THE DATA:
* * *

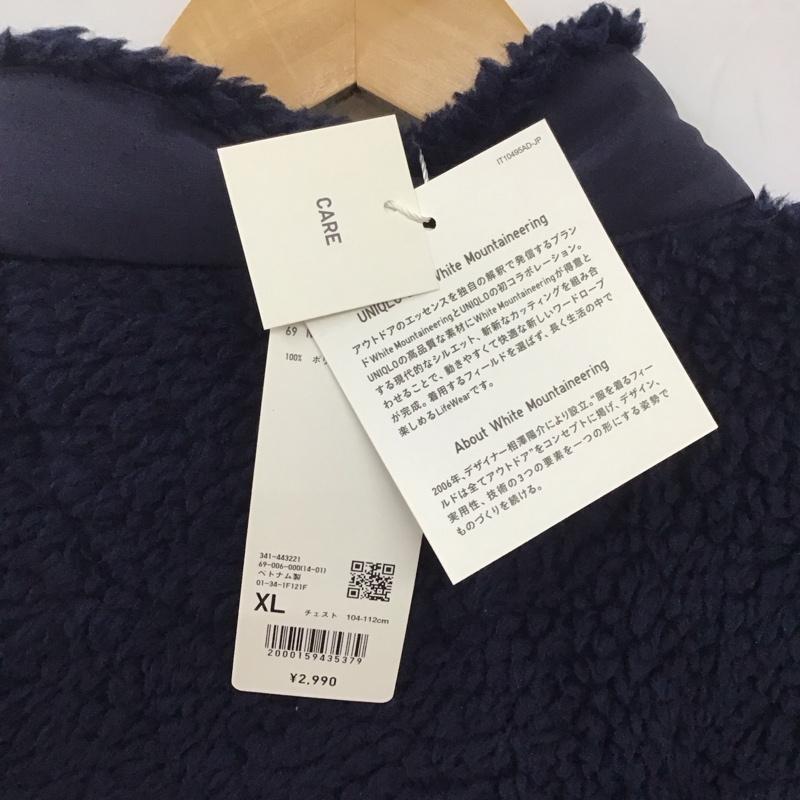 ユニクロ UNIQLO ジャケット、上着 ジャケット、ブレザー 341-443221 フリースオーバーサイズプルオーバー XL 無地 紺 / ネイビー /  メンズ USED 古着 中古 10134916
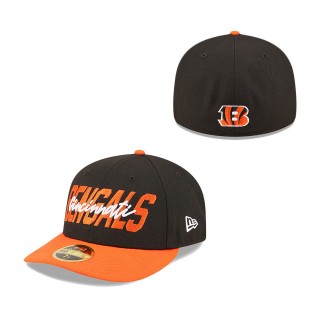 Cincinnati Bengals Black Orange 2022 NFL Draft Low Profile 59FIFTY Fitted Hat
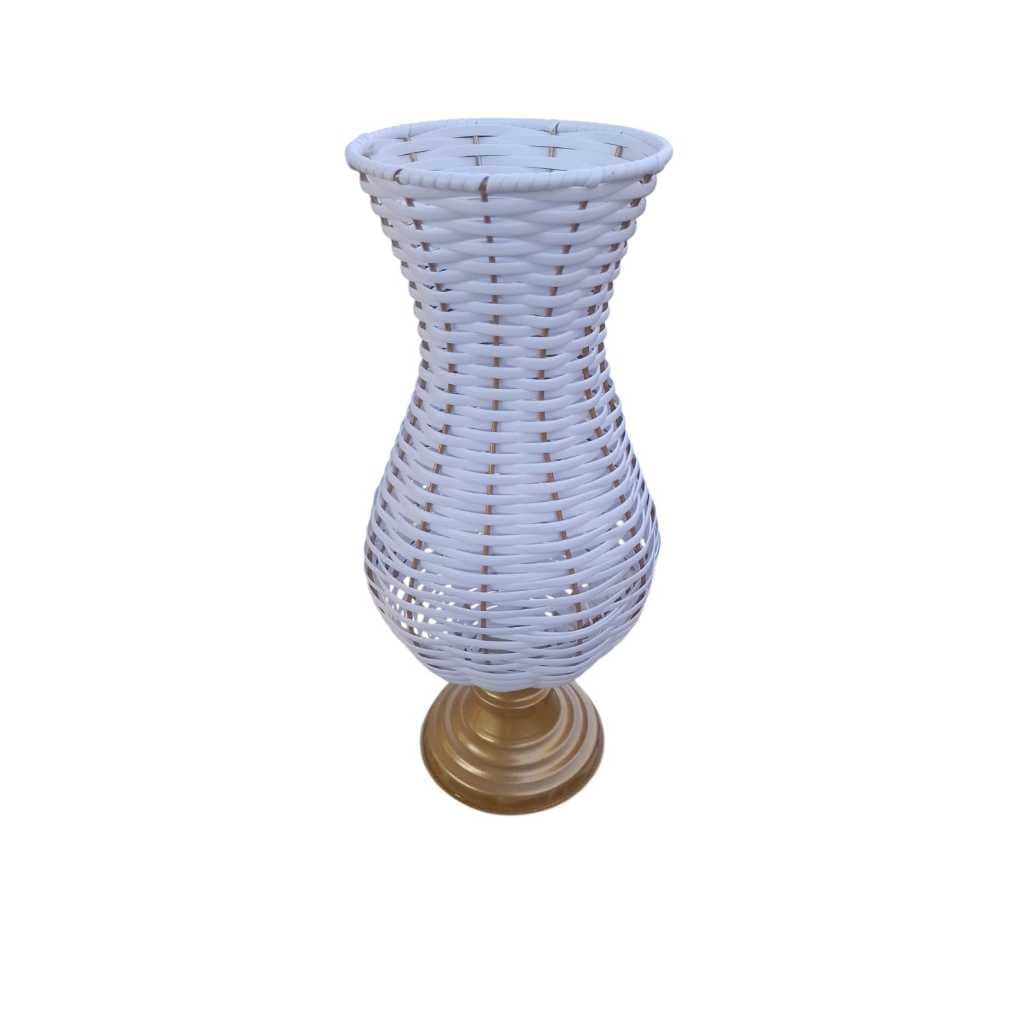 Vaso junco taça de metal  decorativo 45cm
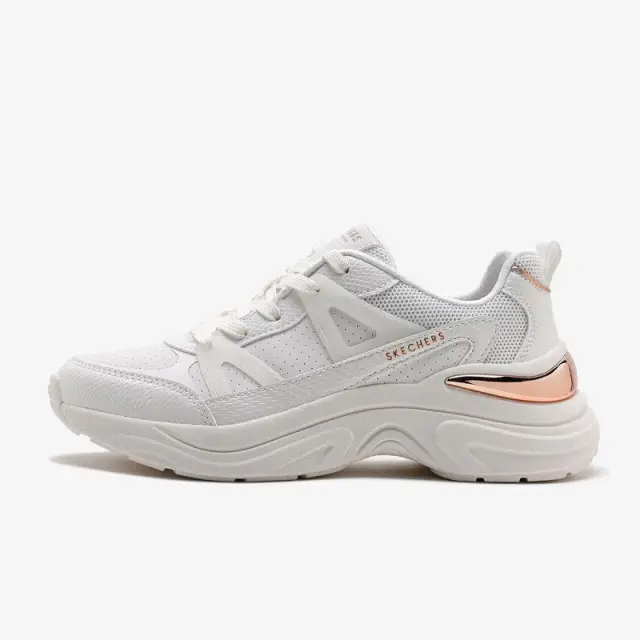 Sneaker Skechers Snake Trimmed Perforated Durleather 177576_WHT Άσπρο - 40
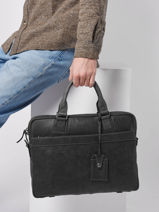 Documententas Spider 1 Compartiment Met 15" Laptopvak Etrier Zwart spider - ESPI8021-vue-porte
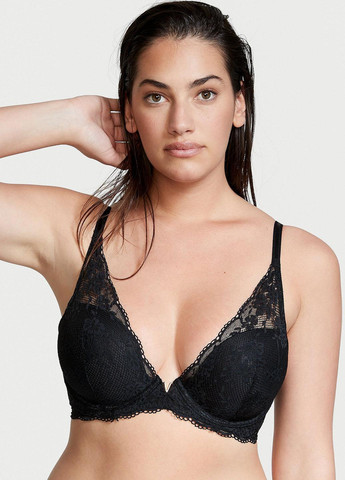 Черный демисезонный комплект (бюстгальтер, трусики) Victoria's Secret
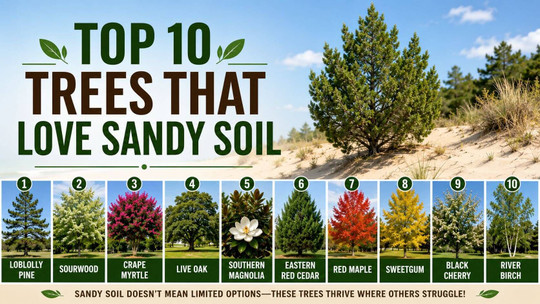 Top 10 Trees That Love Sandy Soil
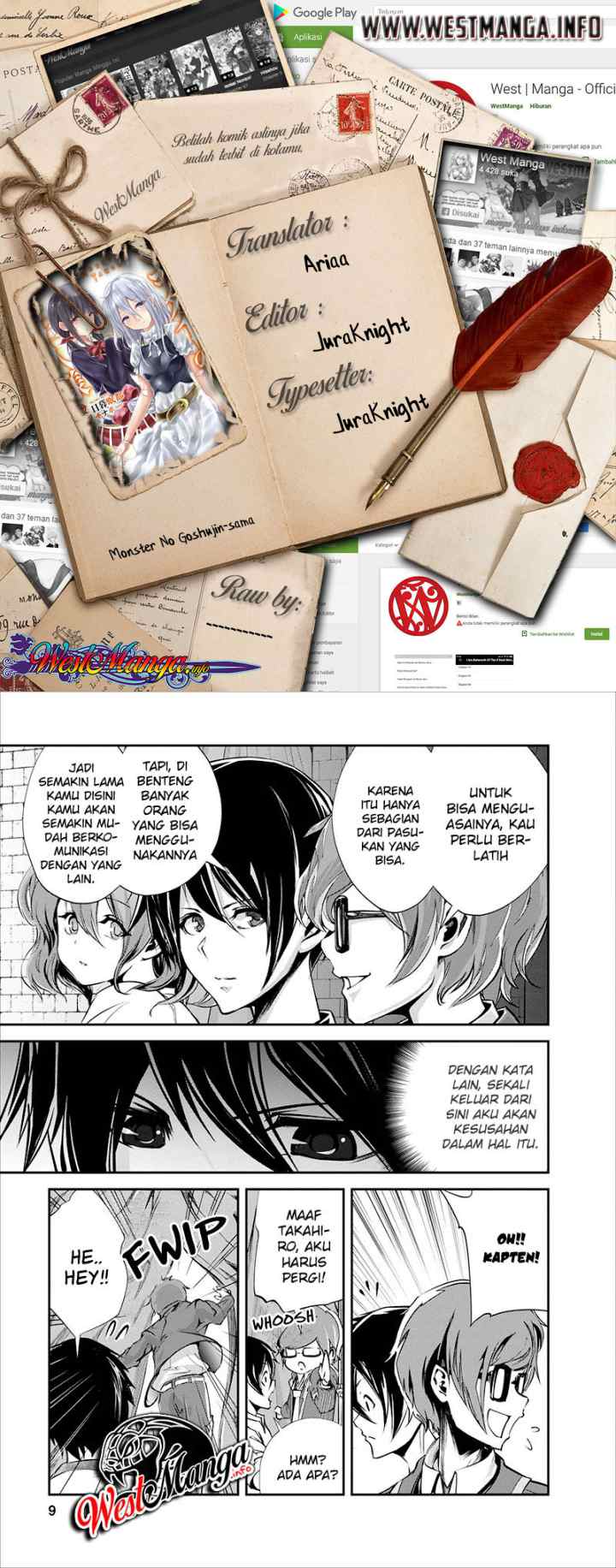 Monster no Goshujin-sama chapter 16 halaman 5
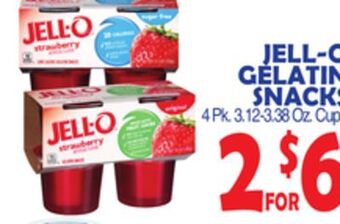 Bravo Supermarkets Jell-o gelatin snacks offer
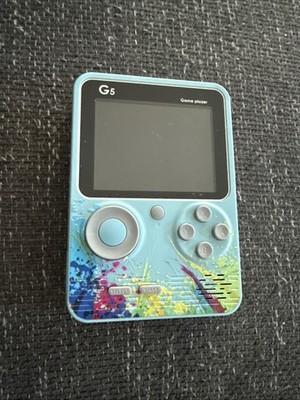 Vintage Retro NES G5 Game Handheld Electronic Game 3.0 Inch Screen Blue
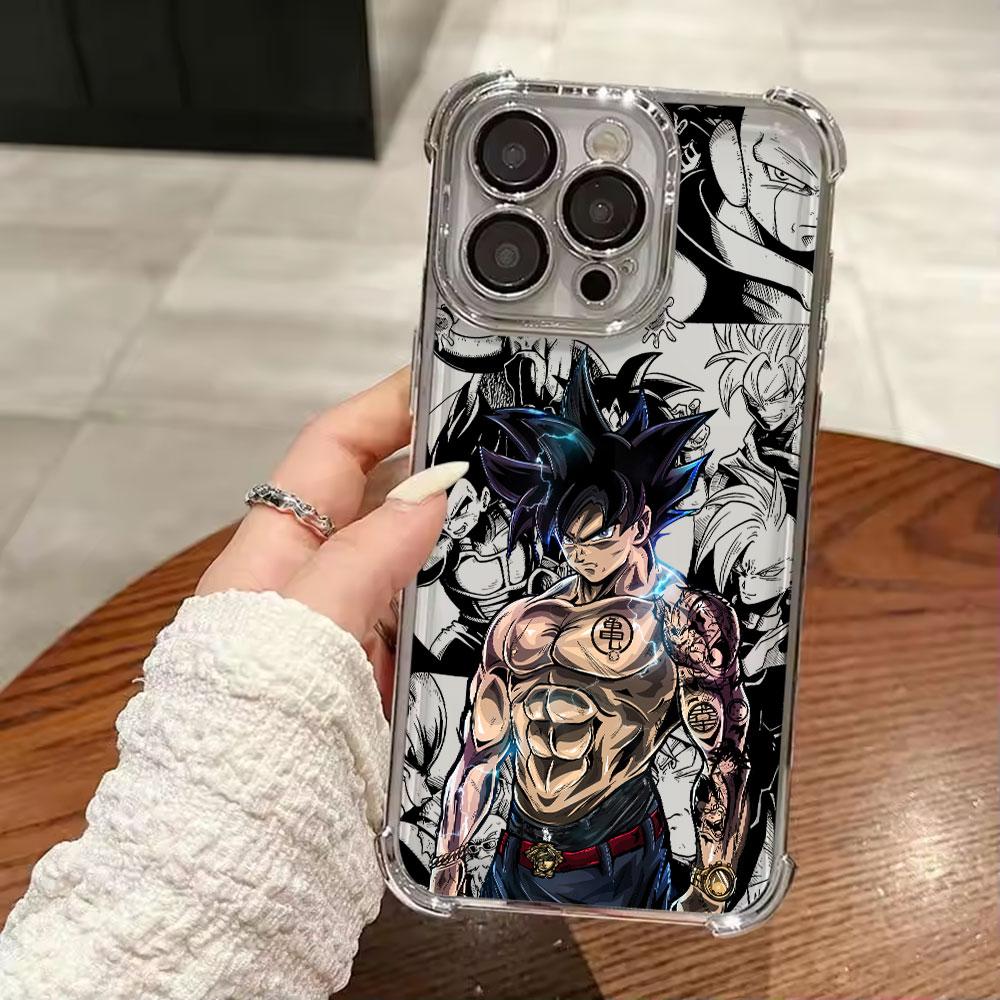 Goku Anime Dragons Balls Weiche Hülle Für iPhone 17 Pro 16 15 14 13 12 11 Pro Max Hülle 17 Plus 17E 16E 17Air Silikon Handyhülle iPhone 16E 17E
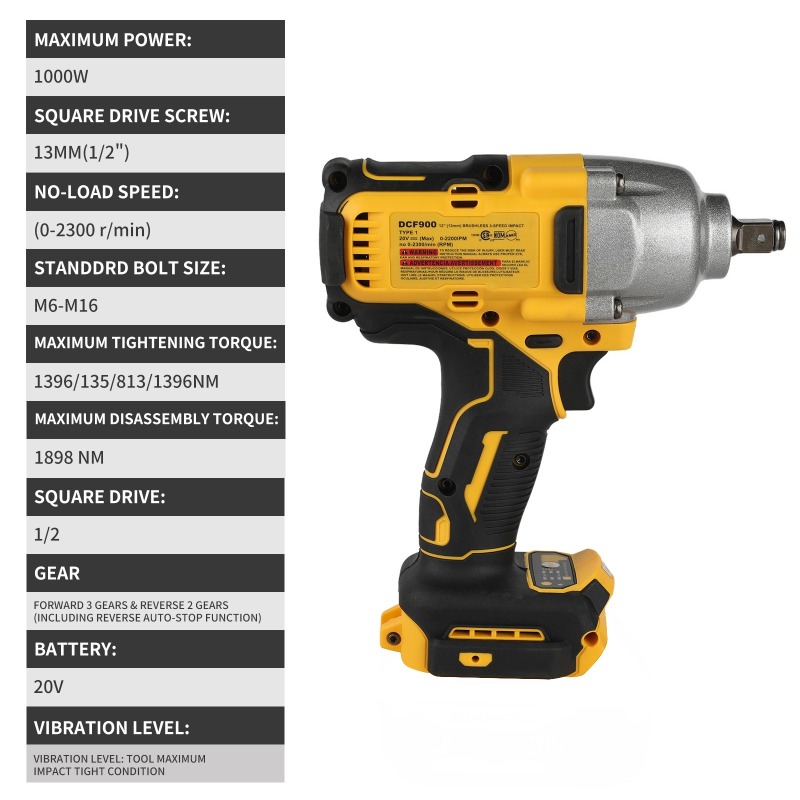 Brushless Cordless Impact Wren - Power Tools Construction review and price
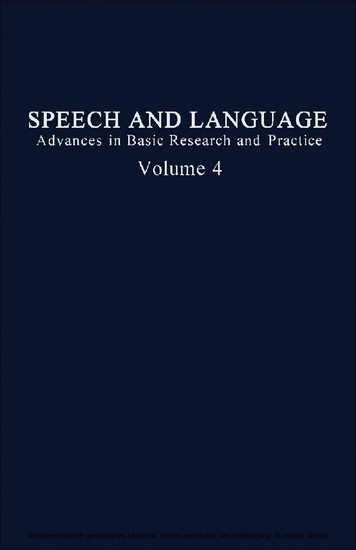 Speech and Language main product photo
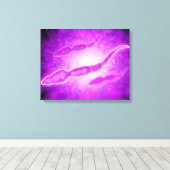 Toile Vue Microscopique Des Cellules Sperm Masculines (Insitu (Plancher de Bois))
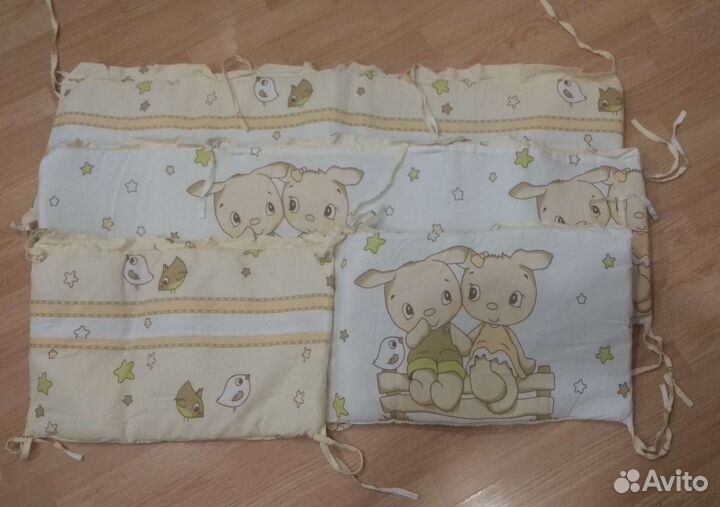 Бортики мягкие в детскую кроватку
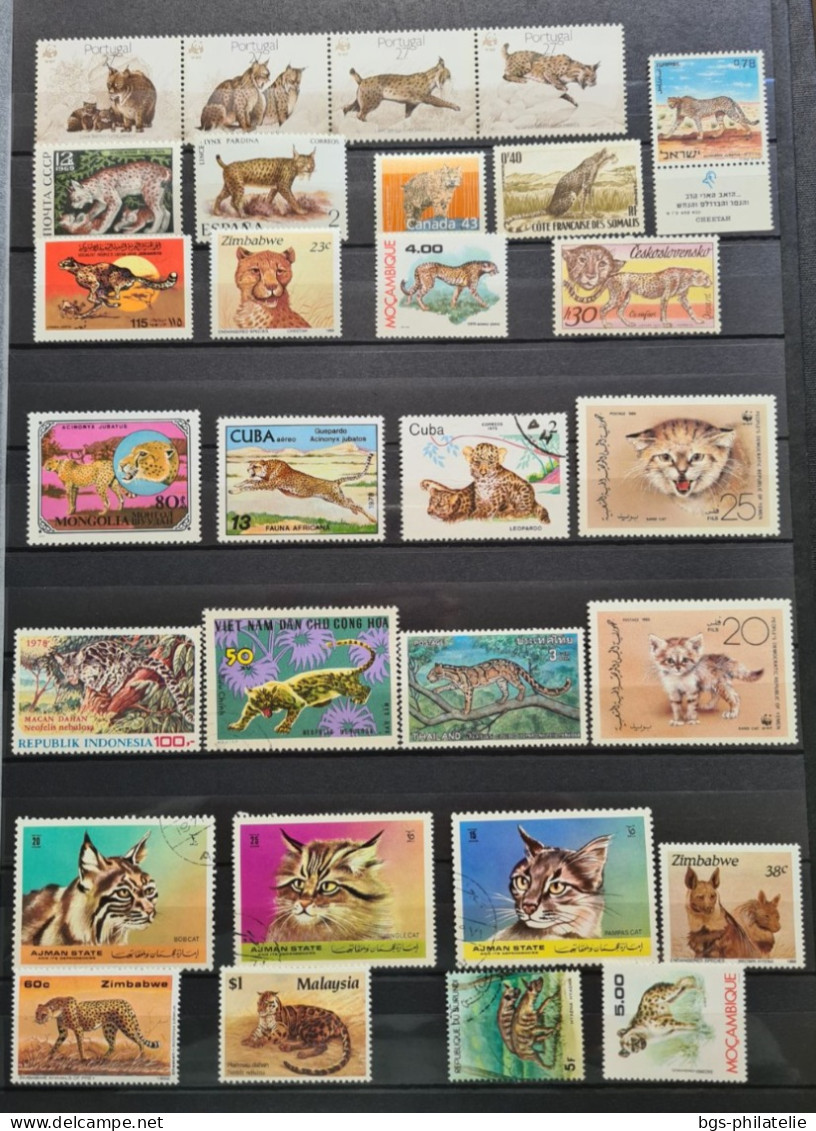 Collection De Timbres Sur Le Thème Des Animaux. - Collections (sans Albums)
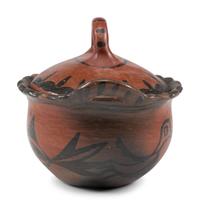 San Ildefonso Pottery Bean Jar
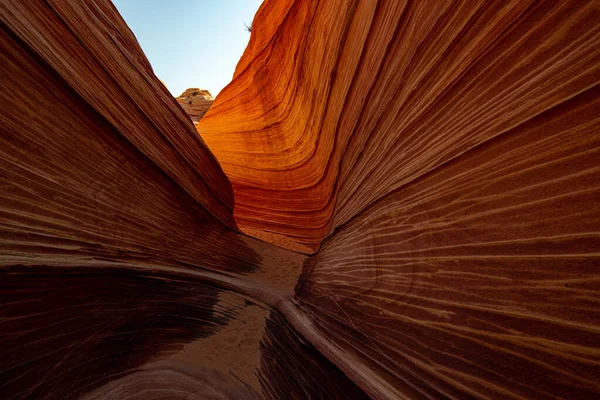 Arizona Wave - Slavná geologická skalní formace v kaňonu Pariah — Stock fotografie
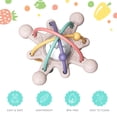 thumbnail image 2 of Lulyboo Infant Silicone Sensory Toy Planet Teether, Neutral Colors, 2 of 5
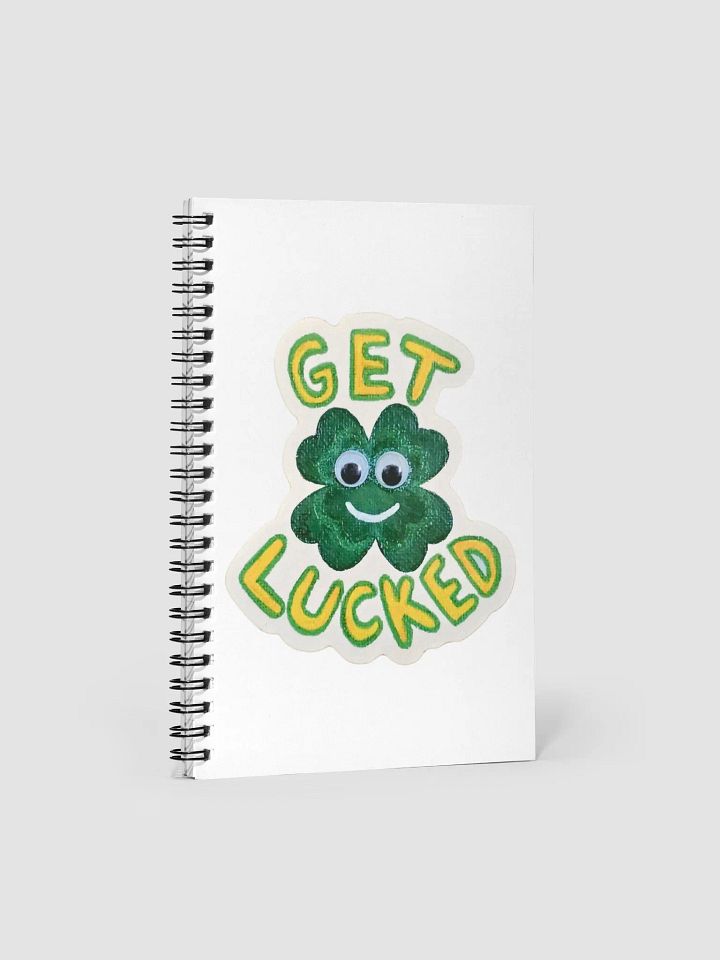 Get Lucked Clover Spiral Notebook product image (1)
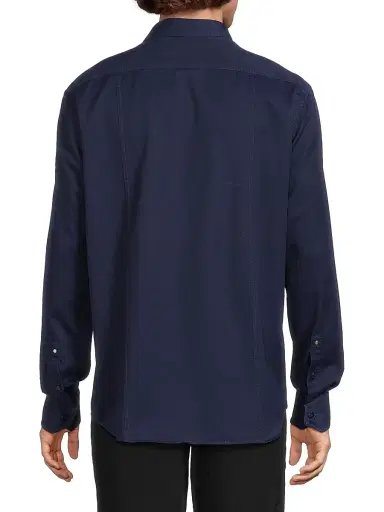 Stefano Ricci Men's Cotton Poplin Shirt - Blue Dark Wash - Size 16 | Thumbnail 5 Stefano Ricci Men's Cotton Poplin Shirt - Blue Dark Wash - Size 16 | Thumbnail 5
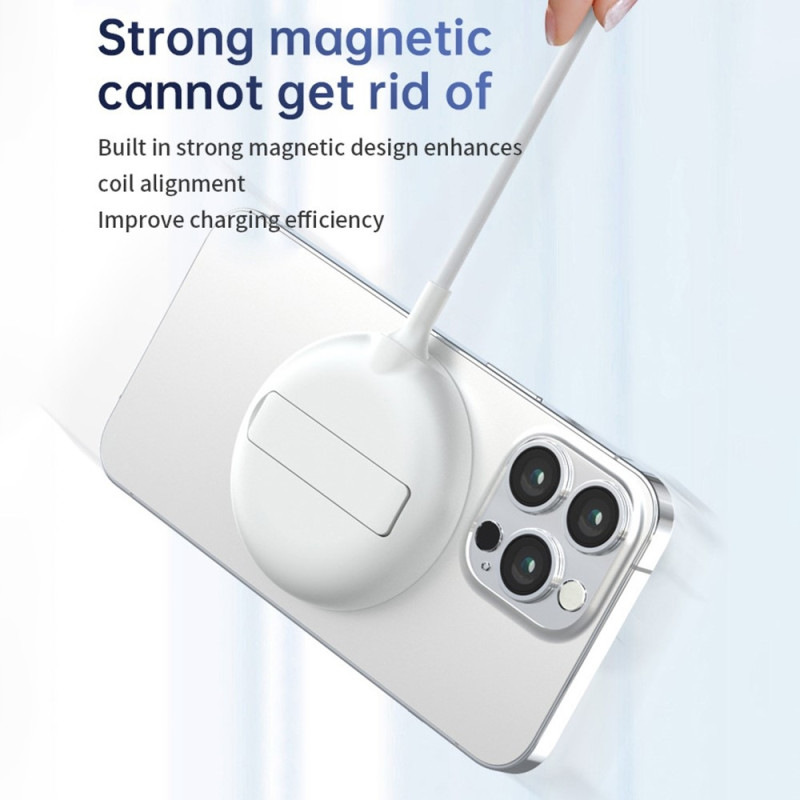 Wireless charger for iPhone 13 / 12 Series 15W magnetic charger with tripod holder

* * *

TASK DETAILS: Copy the listing in full and without alteration, omitting every picture.

THE COMPLETED TASK:
 ユニクロ UNIQLO ジャケット、上着 ジャケット、ブレザー 341-443221 フリースオーバーサイズプルオーバー XL 無地 紺 / ネイビー /  メンズ USED 古着 中古 10134916
 Cincinnati Bengals Black Orange 2022 NFL Draft Low Profile 59FIFTY Fitted Hat
 Vaso junco taça de metal  decorativo 45cm
 Sneaker Skechers Snake Trimmed Perforated Durleather 177576_WHT Άσπρο - 40
 Documententas Spider 1 Compartiment Met 15" Laptopvak Etrier Zwart spider - ESPI8021-vue-porte
 Черный демисезонный комплект (бюстгальтер, трусики) Victoria's Secret
 Top 10 Trees That Love Sandy Soil
 Monster no Goshujin-sama chapter 16 halaman 5
 Bravo Supermarkets Jell-o gelatin snacks offer
 Vintage Retro NES G5 Game Handheld Electronic Game 3.0 Inch Screen Blue
 Goku Anime Dragons Balls Weiche Hülle Für iPhone 17 Pro 16 15 14 13 12 11 Pro Max Hülle 17 Plus 17E 16E 17Air Silikon Handyhülle iPhone 16E 17E
 Brushless Cordless Impact Wren - Power Tools Construction review and price
 Speech and Language main product photo
 Toile Vue Microscopique Des Cellules Sperm Masculines (Insitu (Plancher de Bois))
 Бортики мягкие в детскую кроватку
 Collection De Timbres Sur Le Thème Des Animaux. - Collections (sans Albums)
 San Ildefonso Pottery Bean Jar
 Arizona Wave - Slavná geologická skalní formace v kaňonu Pariah — Stock fotografie
 thumbnail image 2 of Lulyboo Infant Silicone Sensory Toy Planet Teether, Neutral Colors, 2 of 5
 Get Lucked Clover Spiral Notebook product image (1)
 Stefano Ricci Men's Cotton Poplin Shirt - Blue Dark Wash - Size 16 | Thumbnail 5 Stefano Ricci Men's Cotton Poplin Shirt - Blue Dark Wash - Size 16 | Thumbnail 5
 Wireless charger for iPhone 13 / 12 Series 15W magnetic charger with tripod holder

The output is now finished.